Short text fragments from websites

-- Opening Marker --

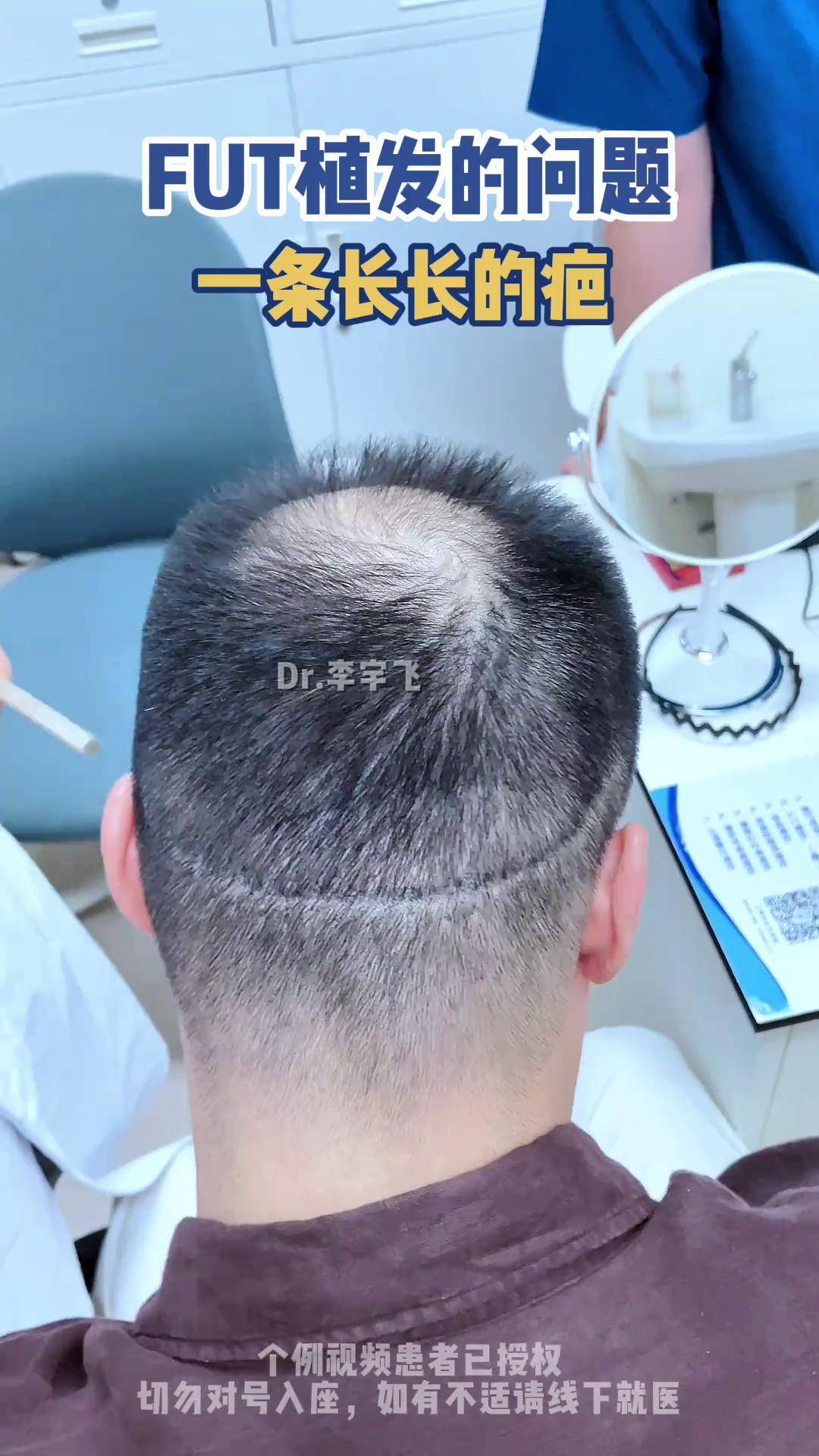 个人植发团队(个人植发团队介绍)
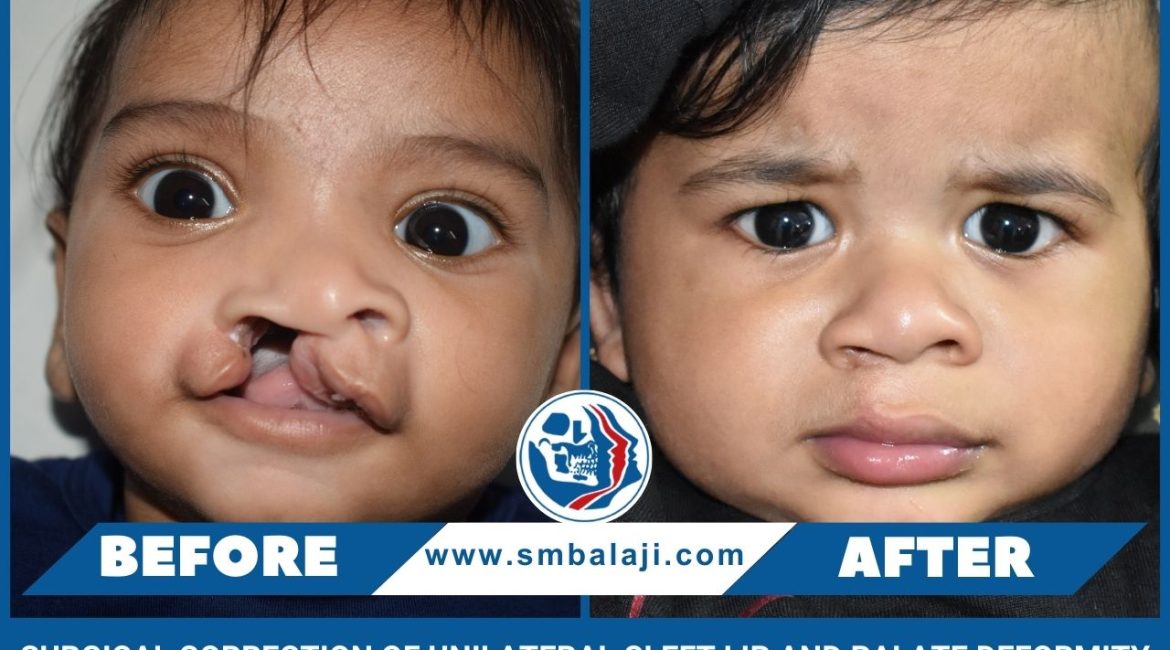 Surgical Correction Of Unilateral Cleft Lip And Palate Deformity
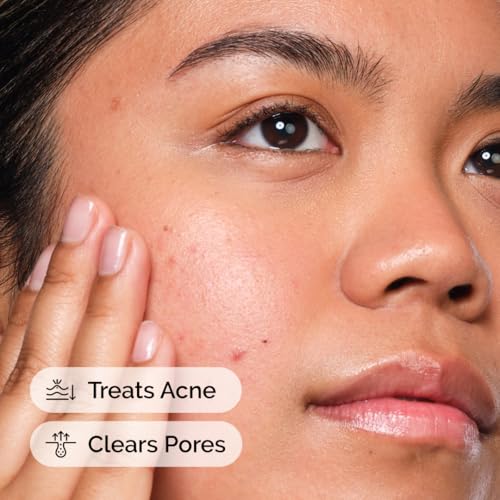 The Ordinary Salicylic Acid 2% Solution, Acne-Fighting Serum for Blemish-Prone Skin, 30ml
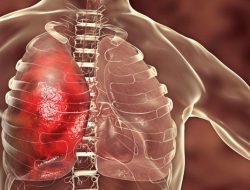 Klasifikasi Pneumonia: Mengetahui Jenis dan Cara Penyebarannya Klasifikasi Pneumonia: Mengetahui Jenis dan Cara Penyebarannya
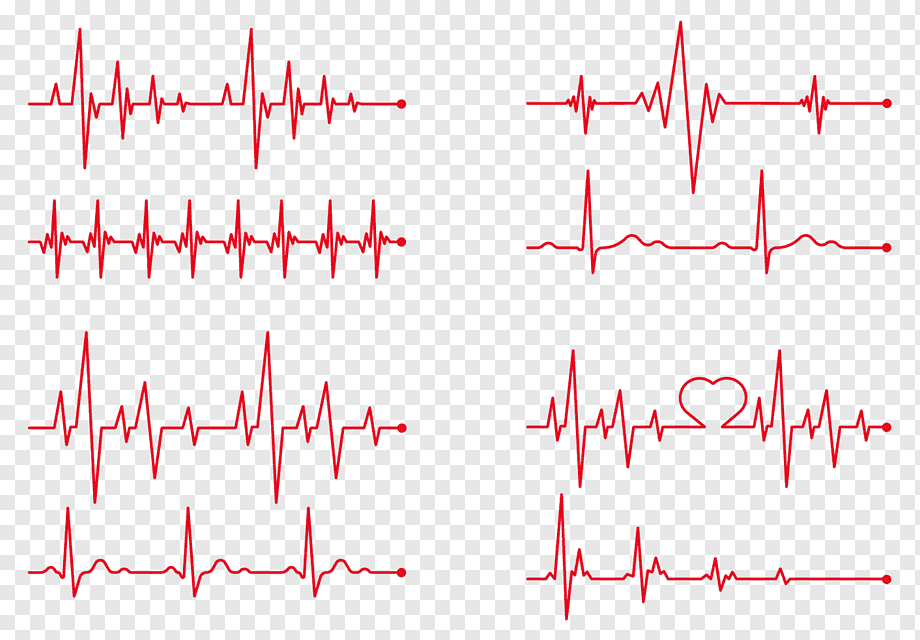 Heart rate Electrocardiography, red heart beat, lifeline illustration, angle, text, rectangle png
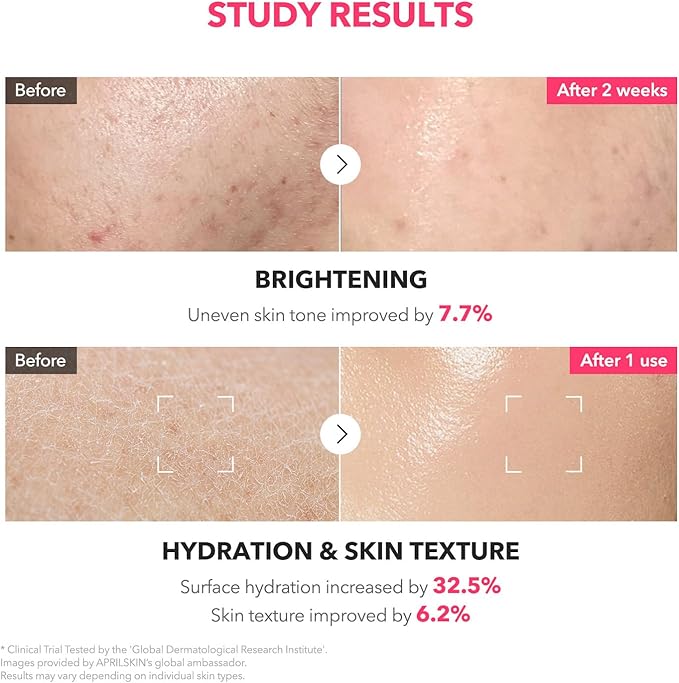 APRILSKIN TXA+Niacinamide 99 Pink Milky Toner | 99% High-Purity TXA 3%+ - Image 5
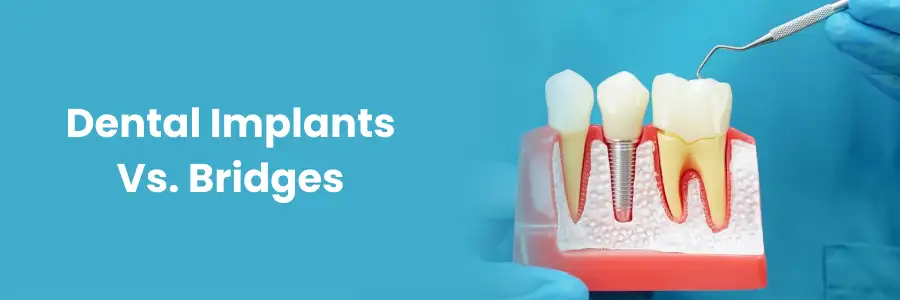 "Dental Implants vs. Bridges: Best Option?"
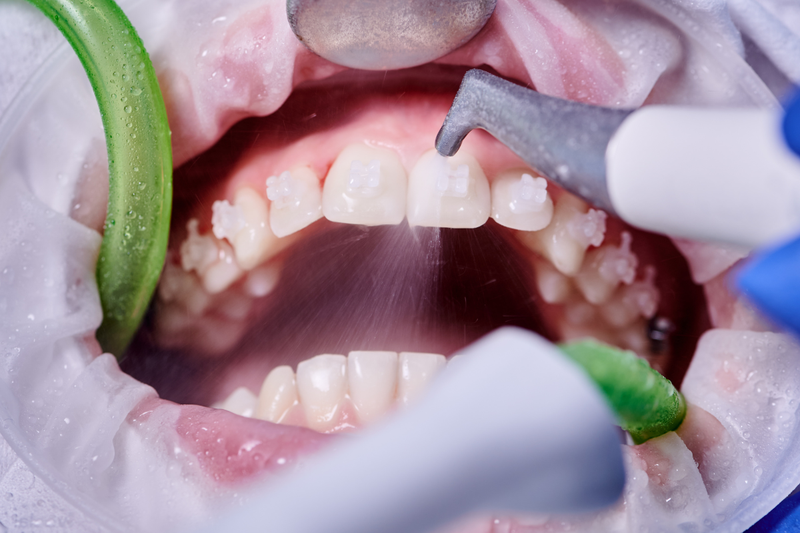 Đắp răng khểnh giữ được bao lâu? Ưu nhược điểm các phương pháp 3
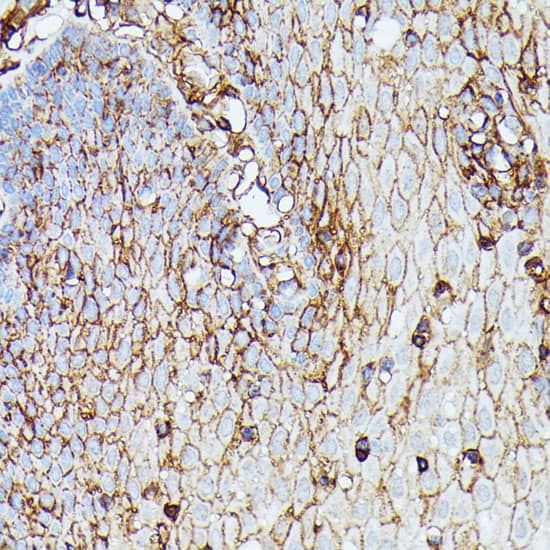 Immunohistochemistry: HLA B Antibody [NBP3-35277] - Immunohistochemistry analysis of paraffin-embedded Human esophageal using HLA B Rabbit pAb at dilution of 1:100 (40x lens). Microwave antigen retrieval performed with 0.01M PBS Buffer (pH 7.2) prior to IHC staining.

-- Closing Marker --

• [Work instructions]: Find the line containing "Đắp răng khểnh" in the records above and restate it, and each line after it through the end, word for word, dropping the pictures.

• [Task solution]:
 Đắp răng khểnh giữ được bao lâu? Ưu nhược điểm các phương pháp 3
 Immunohistochemistry: HLA B Antibody [NBP3-35277] - Immunohistochemistry analysis of paraffin-embedded Human esophageal using HLA B Rabbit pAb at dilution of 1:100 (40x lens). Microwave antigen retrieval performed with 0.01M PBS Buffer (pH 7.2) prior to IHC staining.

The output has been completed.